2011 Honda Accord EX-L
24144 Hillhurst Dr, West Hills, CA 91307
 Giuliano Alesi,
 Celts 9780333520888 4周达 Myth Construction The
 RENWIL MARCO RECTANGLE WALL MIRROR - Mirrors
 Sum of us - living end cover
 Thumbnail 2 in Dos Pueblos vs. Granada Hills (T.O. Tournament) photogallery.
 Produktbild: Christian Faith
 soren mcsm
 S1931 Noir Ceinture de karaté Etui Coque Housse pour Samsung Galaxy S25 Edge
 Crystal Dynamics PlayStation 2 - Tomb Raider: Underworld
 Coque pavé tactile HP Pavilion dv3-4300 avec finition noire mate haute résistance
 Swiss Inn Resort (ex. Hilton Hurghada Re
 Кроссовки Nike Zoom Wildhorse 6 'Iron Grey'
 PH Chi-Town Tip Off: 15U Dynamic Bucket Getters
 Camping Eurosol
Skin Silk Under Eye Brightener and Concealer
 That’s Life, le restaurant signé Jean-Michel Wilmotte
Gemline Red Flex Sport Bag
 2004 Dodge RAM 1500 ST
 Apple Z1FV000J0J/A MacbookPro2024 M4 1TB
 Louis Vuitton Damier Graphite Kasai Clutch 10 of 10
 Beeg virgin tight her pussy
---+---
• **Aim of the task**
The lines to return are those with the string "Coque" in them; copy each from the entries above.

• **Exercise response**
 S1931 Noir Ceinture de karaté Etui Coque Housse pour Samsung Galaxy S25 Edge
 Coque pavé tactile HP Pavilion dv3-4300 avec finition noire mate haute résistance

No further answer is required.